Column I had to squash the rumours about Ger’s death on K2

Damien O’Brien is the brother-in-law of Irish climber Ger McDonnell, who died on the slopes of K2. Here he explains why he had to investigate the full story of Ger’s final climb.

Ger McDonnell was the first Irishman to conquer K2. But a few hours after his triumphant achievement in 2008, McDonnell died on the mountain. His death and the exact happenings that took place on the treacherous mountain have been shrouded in mystery.

Damien O’Brien, husband to McDonnell’s sister, has written a new book about his brother-in-law’s tragic death. Here he gives an insight into the man McDonnell was and what happened on that tragic expedition.

GER WAS A fantastic person. The glass was always half full with him – he was the kind of guy that when he walked into a room he lit it up with his fantastic smile. He was a brilliant character – he was kind and caring and that is something about him that will always stick out for me.

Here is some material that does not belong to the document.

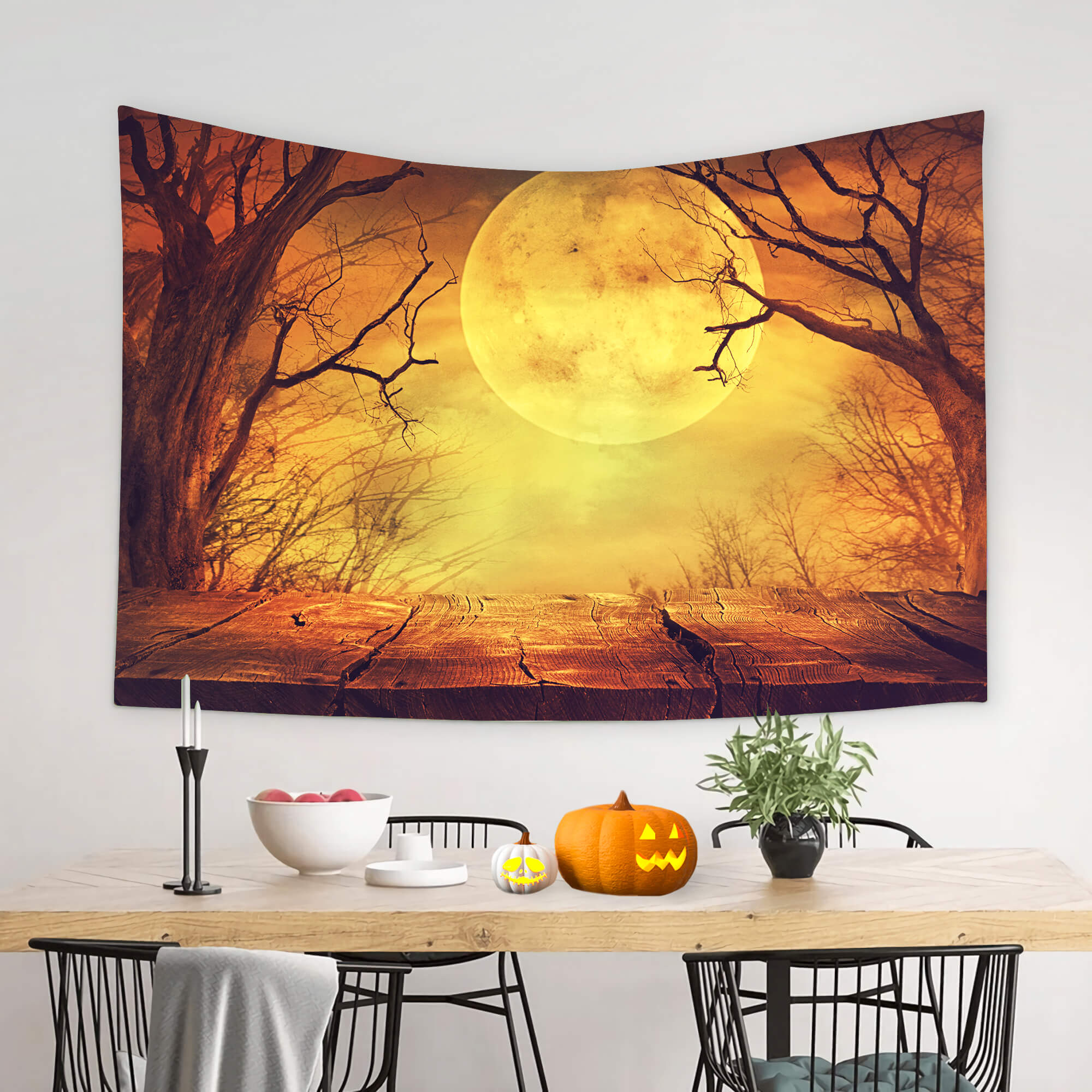 Sfondo Di Paesaggi Spaventosi Di Halloween Brown Moon M8-47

There are a couple of reasons I wanted to write his story. I wanted to get the truth out about what happened to Ger. There have been a lot of conflicting stories out there which have been upsetting for the family to read.  I always felt that it was very important to get the truth out and to clarify what Ger did on that expedition. I wanted to squash any rumours there were that he just walked away and left climbers behind.

Ger had a history of saving people on the mountains on different expeditions over the years – it would have been out of  character for him to do nothing.

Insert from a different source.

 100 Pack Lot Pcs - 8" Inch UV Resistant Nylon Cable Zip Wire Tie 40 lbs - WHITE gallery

Ger was an experienced climber. He had attempted to climb K2 before but had to be airlifted off the mountain due to a rock fall. It was always a goal for him to get to the summit of K2 – he always felt he was strong enough to do it. K2 is not the highest mountain in the world, but it is the most difficult.

‘In their minds they were still hoping that Ger might still be alive’

To investigate Ger’s story I travelled to Islamabad in Pakistan, where K2 is on the boarder between Pakistan and China. I travelled there shortly after Ger died. I spoke with nearly every one of the climbers that was on the mountain.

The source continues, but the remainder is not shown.